### What to produce
The listing must be copied out in full and exactly; no images go with it.

***** Material provided

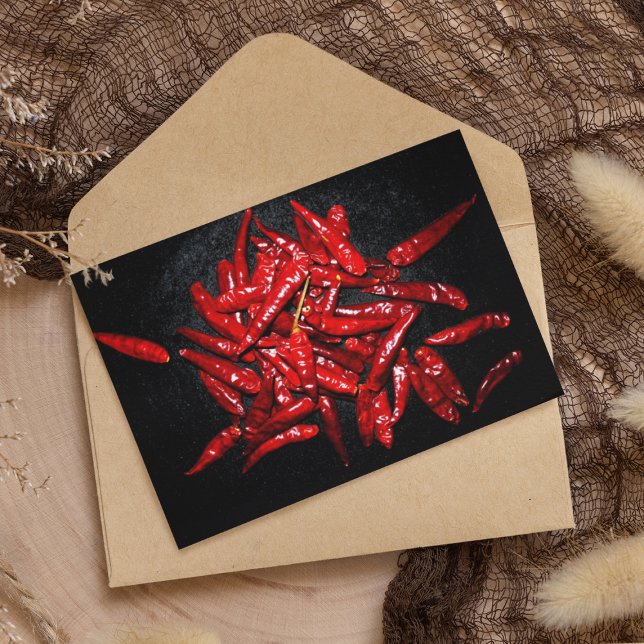 Hot Pepper - Stillleben Postkarte (Von Creator hochgeladen)
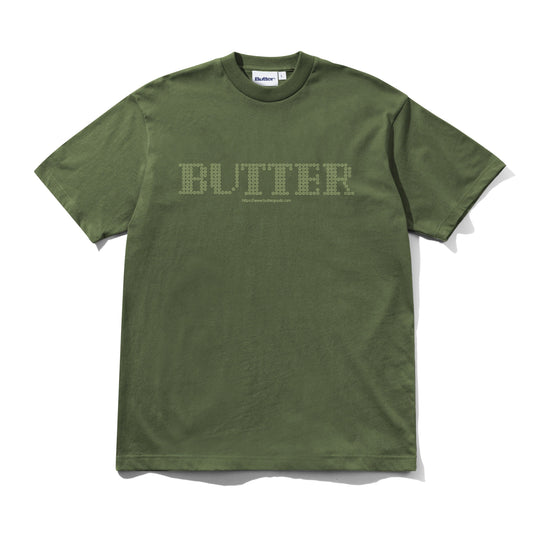 Butter Goods Terminal Tee - Army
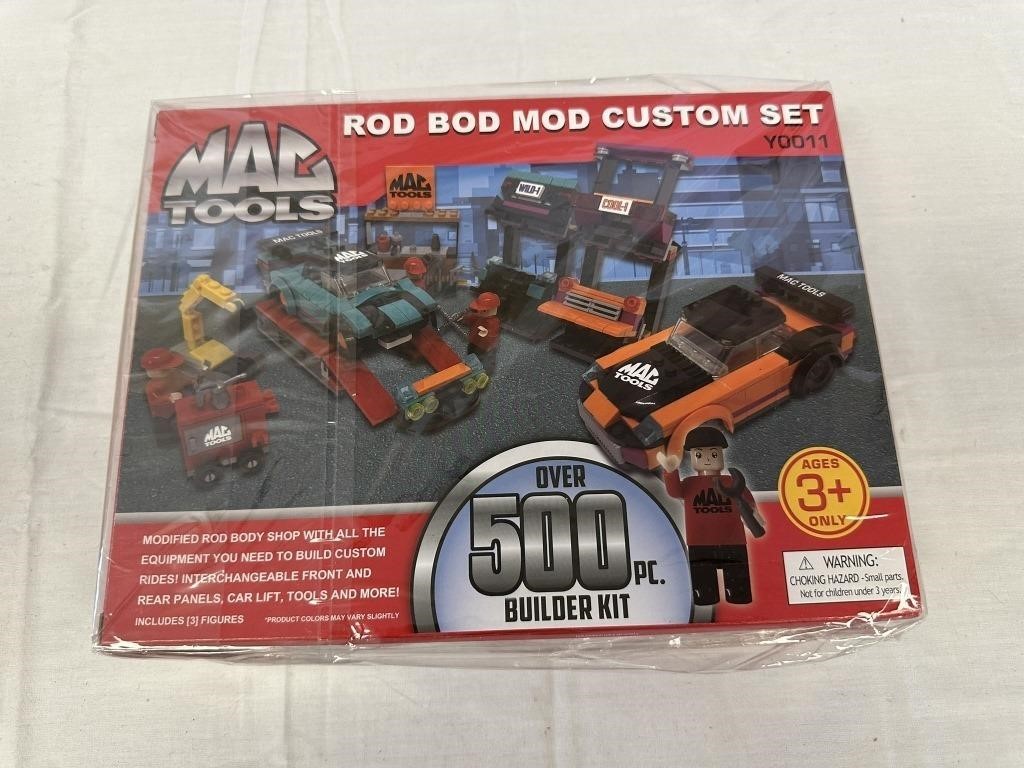 MAC Tools Collect.Rod Bod Mod Custom Builders Kit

**********

### Written answer
 Hot Pepper - Stillleben Postkarte (Von Creator hochgeladen)
 Butter Goods Terminal Tee - Army
 MAC Tools Collect.Rod Bod Mod Custom Builders Kit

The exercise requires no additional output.